- TASK: Across the material below, say how many lines contain the string "Soft", and add no other words.

- SUPPLIED MATERIAL:
Content starts
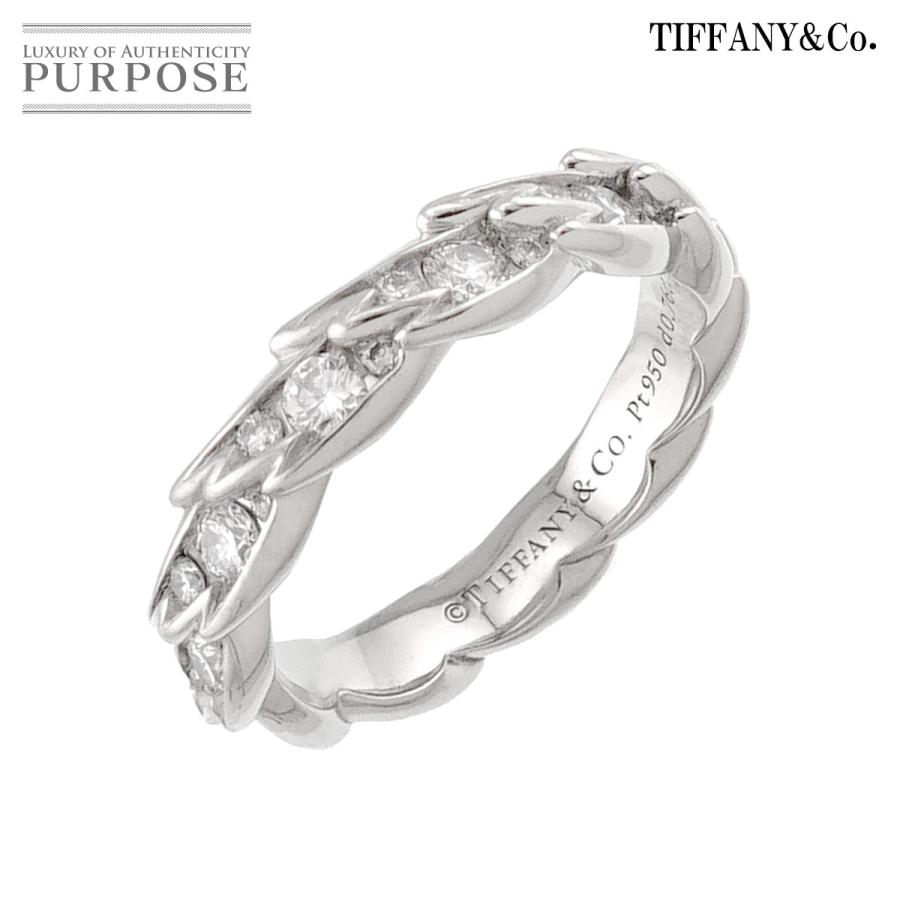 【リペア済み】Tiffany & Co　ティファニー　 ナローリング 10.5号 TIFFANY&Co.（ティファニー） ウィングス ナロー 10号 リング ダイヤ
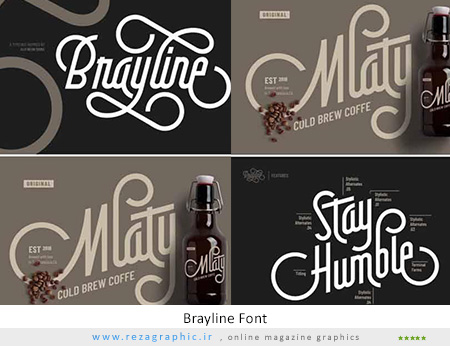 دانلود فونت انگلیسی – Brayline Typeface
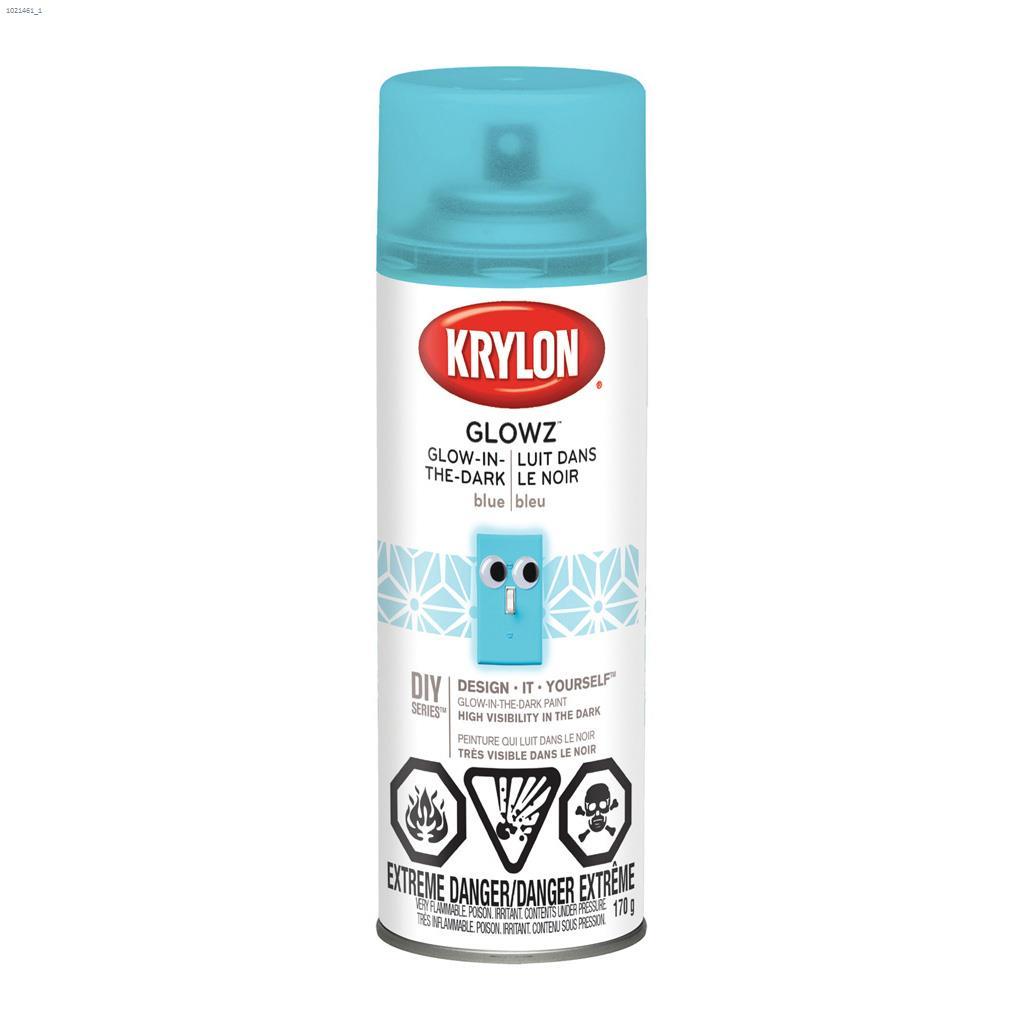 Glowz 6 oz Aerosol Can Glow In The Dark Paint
Content ends
Content starts
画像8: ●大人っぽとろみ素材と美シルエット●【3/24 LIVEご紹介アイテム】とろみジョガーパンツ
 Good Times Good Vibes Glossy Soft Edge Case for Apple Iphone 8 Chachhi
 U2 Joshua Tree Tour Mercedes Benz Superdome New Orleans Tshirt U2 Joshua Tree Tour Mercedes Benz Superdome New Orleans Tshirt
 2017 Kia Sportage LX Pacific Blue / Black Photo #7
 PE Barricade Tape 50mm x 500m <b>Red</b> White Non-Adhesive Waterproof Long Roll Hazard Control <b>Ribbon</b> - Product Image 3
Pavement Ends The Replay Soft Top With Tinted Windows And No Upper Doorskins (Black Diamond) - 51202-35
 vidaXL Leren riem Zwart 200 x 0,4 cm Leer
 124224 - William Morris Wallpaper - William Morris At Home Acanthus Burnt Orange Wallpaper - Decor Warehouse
Content ends
Content starts
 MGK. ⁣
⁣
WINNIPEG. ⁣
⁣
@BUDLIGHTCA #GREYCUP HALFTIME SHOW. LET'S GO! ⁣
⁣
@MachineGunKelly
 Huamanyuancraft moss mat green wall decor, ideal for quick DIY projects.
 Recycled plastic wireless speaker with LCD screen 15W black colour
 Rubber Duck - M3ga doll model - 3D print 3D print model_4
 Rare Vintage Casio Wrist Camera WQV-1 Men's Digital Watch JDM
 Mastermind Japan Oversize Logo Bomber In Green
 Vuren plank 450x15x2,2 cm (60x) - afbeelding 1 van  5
Content ends
- RESULT BELOW: 2